In line with his progressive stances on climate change and net-zero emissions (which can often be at odds with one another), Kennedy’s 2020 senate campaign managers indicated that his family’s trust sold their investments in the fossil fuel industry, which had been estimated at $1.75 million worth of stock in fossil fuel companies like Chevron and ExxonMobil. As one of the family trust beneficiaries, Kennedy told media site Boston.com, “He has never exercised any control over his family trusts, but fully supports the decision to divest.” Kennedy’s initiatives have supported environmentally sustainable energies and related jobs, including solar panel installation and energy storage innovation.

Joe Kennedy Advocates for a Greener Future as he Joins 6K’s Board of Directors. Image courtesy of 6K.

6K accelerates the industrial transformation of advanced material production with sustainable manufacturing through its UniMelt system, the world’s first industrial microwave plasma platform. The company’s name, 6K, represents 6,000 degrees, the temperature of operation of UniMelt and, is also the temperature of the sun’s surface. 6K uses proprietary advanced plasma processing and industrial systems to create materials at exact specifications.
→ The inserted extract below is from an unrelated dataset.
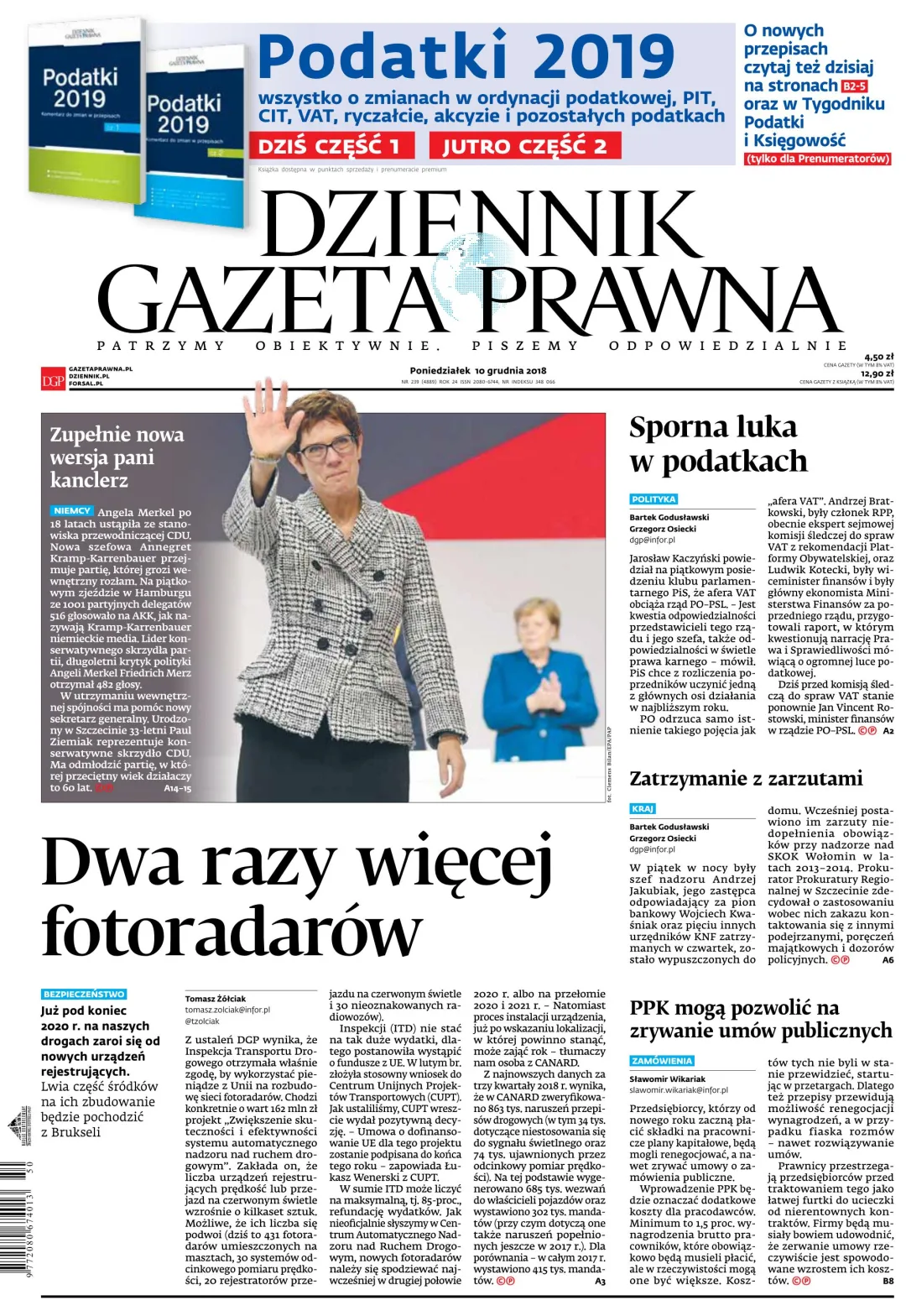 PIERWSZA STRONA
The company’s 6K Additive division has over 20 years of expertise in metals reclamation, used by automotive and aerospace aluminum suppliers for its TY-GEM titanium compacts used in the aluminum melt process. Its ISO9001-facility reclaims and processes over 500 tons of the titanium alloy Ti-64 per year and is in the process of building a state-of-the-art 40,000 square foot automated production facility for AM powders.

“6K’s system takes the two-to three-day production cycle of legacy technologies, which consume huge amounts of energy, and replaces it with a clean, two-second process that uses a fraction of the energy,” said Kennedy. “When we talk about clean energy and production responsibility, advanced materials and next-generation systems have to be a part of that conversation. 6K’s UniMelt system is a next-generation system that this sector desperately needs.”

6K Additive can produce Ti-64 spheres. Image courtesy of 6K.

According to 6K, even though countries continue to pass legislation to shift to more environmentally friendly technologies, such as electric vehicles, the materials used to power them are only as clean as the production processes and legacy technologies used throughout the supply chain, which are unsustainable. These environmentally unfriendly processes fly in the face of climate change and have a dramatic negative impact on the environment. Instead, 6K proposes its unique UniMelt technology can deliver a cleaner process, while batteries could be designed with more extended range and shorter charge times, potentially accelerating wider adoption.

Kennedy suggested that currently, there are virtually no battery materials being produced in the United States, costing the country good jobs and a tremendous economic opportunity. As a new board member for 6K, he sees great potential in changing this dynamic, leading to cost-effective and environmentally-friendly battery material production in U.S. soil. He said the company is “powerfully aligned with our new administration’s commitment to U.S. job creation and clean technology” and expects to mainly solidify the leadership on the cutting edge of advanced manufacturing for his home state of Massachusetts.

Currently tackling energy storage materials and AM, 6K claims its UniMelt platform offers multifaceted sustainability benefits. For example, if a legacy battery cathode production plant were replaced with a UniMelt system, by 2030 100% of wastewater would have been eliminated, that’s 210 billion liters, plus 37 billion pounds of carbon dioxide greenhouse gases, 67 billion kWh of energy – a 70% savings–, and a 90% reduction of water, that’s 177 billion liters.

CEO Aaron Bent described that having Kennedy on the company’s team helps strengthen its sustainability strategy by propelling 6K to the forefront of the conversation with government initiatives in organizations like the Department of Defense and DOE. Moreover, 6K’s technology has the potential to change the paradigm of how advanced materials are produced, offering a tangible representation of the clean energy technology Kennedy pushed for during his time as a congressman, which he can now drive forward as a member of 6K’s board of directors.